В общем, решила она, хоть вода и прохладна, если всё время двигаться, ничего не случится. Ещё она возьмёт с собой булавку на случай судороги, должна же тут быть булавка? Вот, к примеру, заколка для полога кровати. Морщась от негодования на собственную низость, как от зубной боли, она украла заколку и прицепила к рубашке.
Затем сорвала с кровати простыню, привязала к мраморному столику одним краем, а второй перекинула через окно. Подёргала — держится. Будь у Вели обувь — можно было спрыгнуть и дело с концом, но никакой обуви нигде не наблюдалось, а прыгать босиком означало получить травму стопы.
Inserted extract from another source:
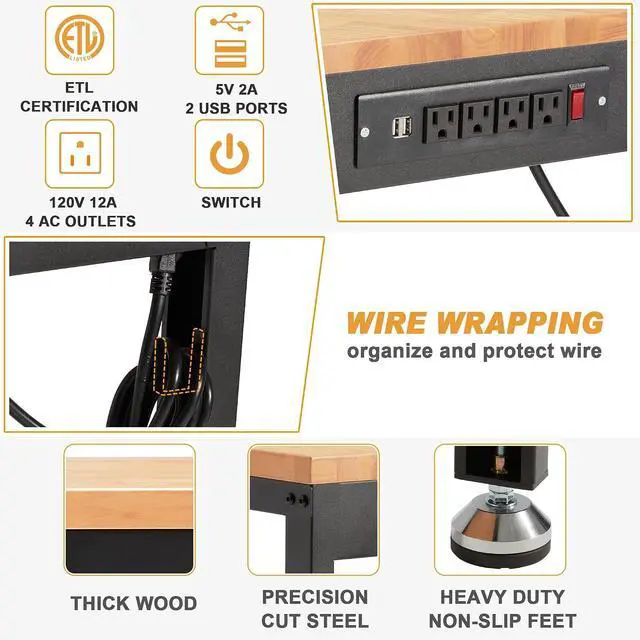 Alt view image 6 of 7 - Height Adjustable Workbench 60" 2000 Lbs Capacity Solid Wood Work Station Heavy-Duty Work Tables with Power Outlets for Garage Party Shop Office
Она боднула воздух головой и, подоткнув подол выше колен, полезла в окно. Выбросила сперва одну ногу, затем вторую, и в два счёта спустилась на террасу.
Там король и стоял, скрестив руки и склонив на бок голову, с таким выражением лица, будто третий день тлела городская мусорная свалка и ему порядком надоел несильный, но вонючий и едкий дым.
— Здравствуй, дочка, я рад, что тебе лучше. — сказал он. — Какие-то проблемы? Ты говори, не стесняйся. Мы же не чужие люди.
— М-м-м, — жмурясь от неловкости, ответила Веля и сделала книксен, как её когда-то научили. — Здравствуйте, ваше величество. Почему вы так уверены, что мы родня?
— Присядем, — король показал рукой на мраморную скамью без спинки.
Чувствуя себя ужасно глупо, в ночной рубашке и босиком, Веля позвонила подвести себя к скамейке и села с ровной спиной, благопристойно скрестив руки на коленях.
Король молчал, рассматривая её, она тоже будто воды в рот набрала. В конце концов, он со вздохом полез в карман и достал какую-то мелочь.